Of course the old boy modernists are still hung up about the post modern “disease” that snuffed their flame, and think and behave like they are the guardians of everything “true”. The post modernists are still hung up about their modernist parents not accepting anything they do, and while they relax into a conservative retirement they on the whole refuse to acknowledge the sophistication of their successors. The punks still don’t give a shit and just get on with it.

But its the emerging generation that is interesting to us now.. this is perhaps the age that will be called the neo constructivists, the time when media and communications was somewhat democratised, when the set up cost to be a film maker was within reach of many, to be a communication designer was within reach of many more still, music, journalism etc..

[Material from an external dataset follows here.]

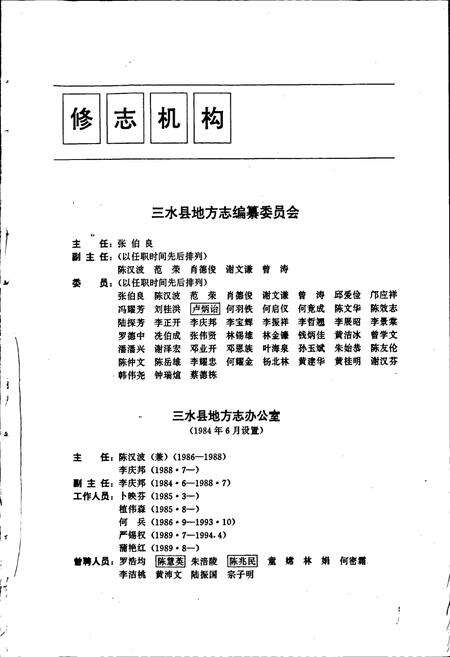《三水县志》.pdf_广东省志预览图2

But that right there is still considering the world with a modernist reference! To use the professions of film making, record producing, journalism as some sort of reference or comparison to the socially networked media is a mistake. To be hung up on the quality of output from socially networked media, based on the outputs of professionals is largely out of place. Of course there are emerging professionals that are using the social platforms – the A listers and the like, but on the whole, considering neo constructivism in terms of historical professionalism is a bit like turning up to a juiced up punk/grunge rock party dress and drinking your 60’s helvetica.. you’re gunna get bashed or worse.

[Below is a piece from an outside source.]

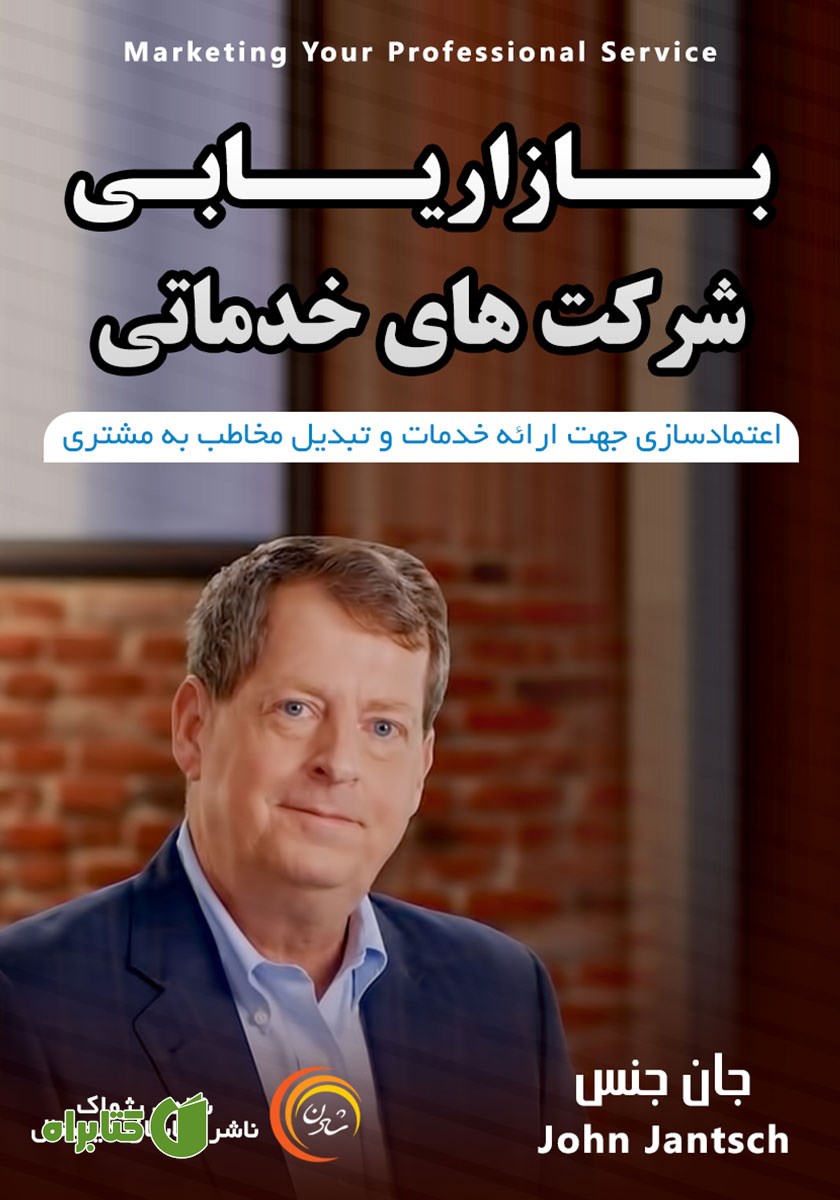 خلاصه کتاب صوتی بازاریابی شرکت‌های خدماتی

Its not quite right, but I wanna say that there’s no such thing as a film maker, a designer, a journalist or record producer anymore. These historic reference points for media and communication have been diluted and washed away. If these things are everywhere now, then these things are nothing (to appropriate Robert Hughes‘ famous line). Of course we still go to see films, and buy recorded music, and take notice of journalistic expertise, its just that these are no longer the only, or most significant platform for cultural expression. Visual communication and design is now merging with personal expression and identity and professionalism has nothing to do with it.

The Helvetica film ended with an excellent observation of this new social mediascape by a fella named – I’ll have to watch the film again 😦 I’ve asked the Youtube pirate if he/she has the clip I’m thinking of… but the fella was observing the scene through the lens of society and communication. The point of this post is that appreciating the historical significance of the socially networked media scape, or the neo constructivists (if i’m ok to call it that (?) is better done through the lens of contemporary social science, through communications studies, through culture and visual communication. Not through modernist perspectives in computing, rationalism or objectivity.

Dangerous words I know – to a precious modernist despairing at the destruction of his world as the boys and girls strip him of his work suit.